┌──

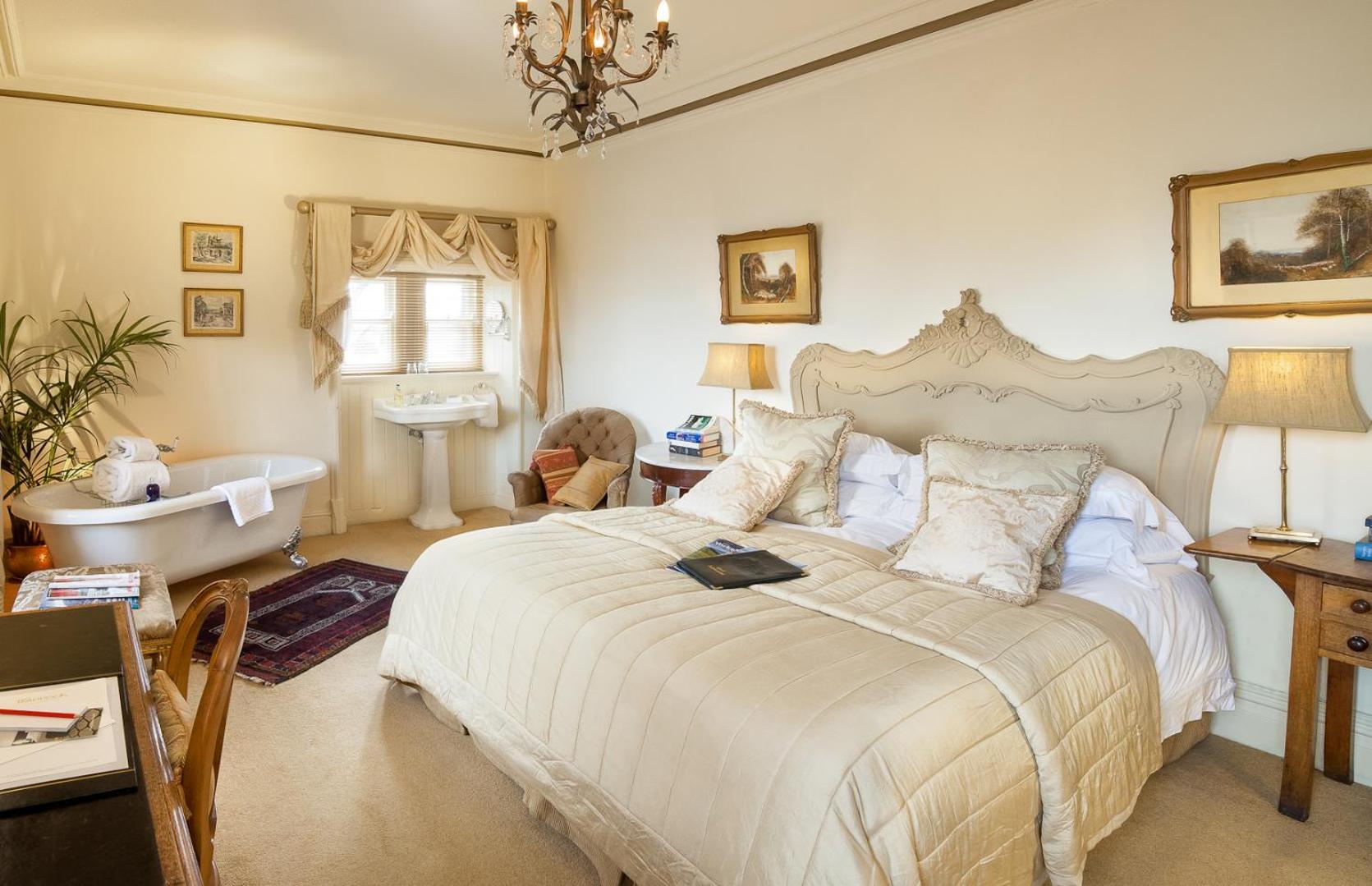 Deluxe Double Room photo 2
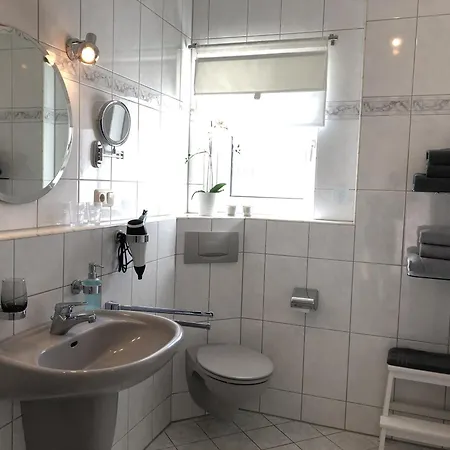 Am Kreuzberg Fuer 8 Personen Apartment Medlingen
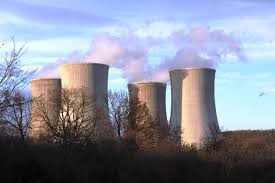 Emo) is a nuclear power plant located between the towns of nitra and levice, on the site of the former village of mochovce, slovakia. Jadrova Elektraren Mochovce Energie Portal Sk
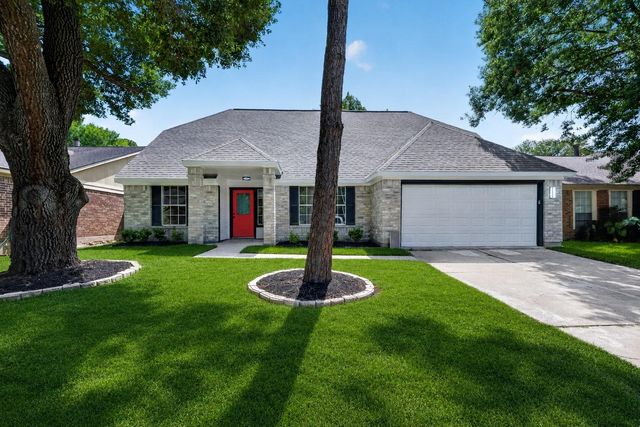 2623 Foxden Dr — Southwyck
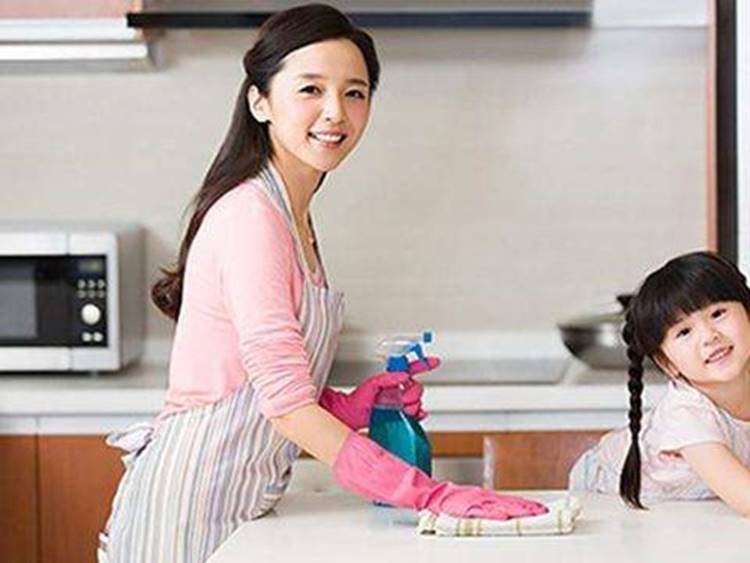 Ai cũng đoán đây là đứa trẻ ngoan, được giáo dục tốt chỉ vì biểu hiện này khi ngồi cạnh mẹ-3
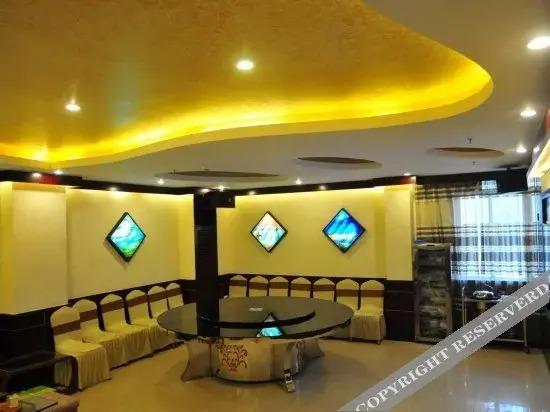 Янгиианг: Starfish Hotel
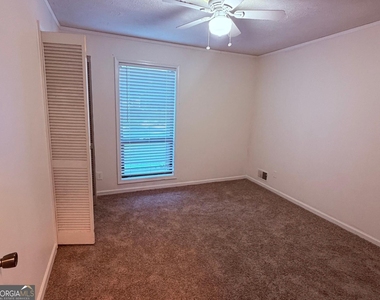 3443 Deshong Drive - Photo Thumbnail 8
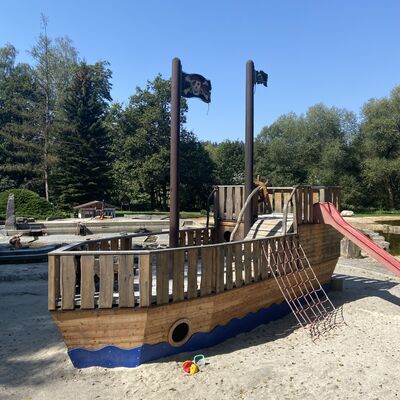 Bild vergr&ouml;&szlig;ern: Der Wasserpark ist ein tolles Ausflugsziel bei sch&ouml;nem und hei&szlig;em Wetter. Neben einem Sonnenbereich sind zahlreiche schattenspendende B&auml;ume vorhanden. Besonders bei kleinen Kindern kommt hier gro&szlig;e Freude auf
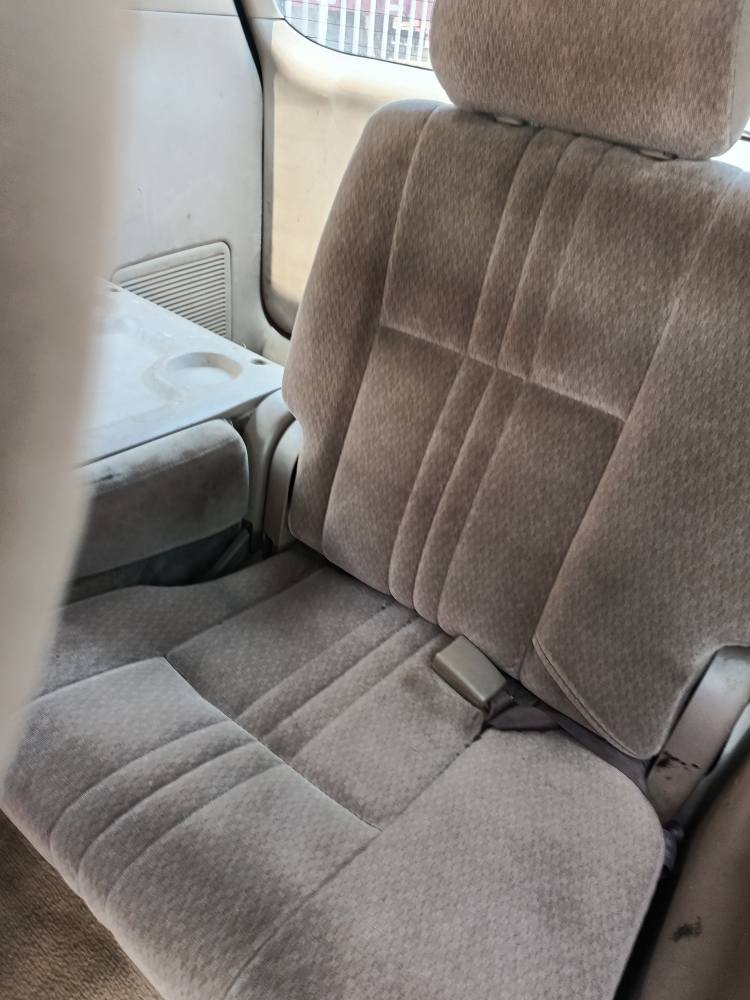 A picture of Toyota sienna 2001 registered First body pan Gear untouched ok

└──

◆ **YOUR INSTRUCTIONS**
Restate every line of the data above word for word, with the images removed.

◆ **TASK RESULT**
 Deluxe Double Room photo 2
 Am Kreuzberg Fuer 8 Personen Apartment Medlingen
 Emo) is a nuclear power plant located between the towns of nitra and levice, on the site of the former village of mochovce, slovakia. Jadrova Elektraren Mochovce Energie Portal Sk
 2623 Foxden Dr — Southwyck
 Ai cũng đoán đây là đứa trẻ ngoan, được giáo dục tốt chỉ vì biểu hiện này khi ngồi cạnh mẹ-3
 Янгиианг: Starfish Hotel
 3443 Deshong Drive - Photo Thumbnail 8
 Bild vergr&ouml;&szlig;ern: Der Wasserpark ist ein tolles Ausflugsziel bei sch&ouml;nem und hei&szlig;em Wetter. Neben einem Sonnenbereich sind zahlreiche schattenspendende B&auml;ume vorhanden. Besonders bei kleinen Kindern kommt hier gro&szlig;e Freude auf
 A picture of Toyota sienna 2001 registered First body pan Gear untouched ok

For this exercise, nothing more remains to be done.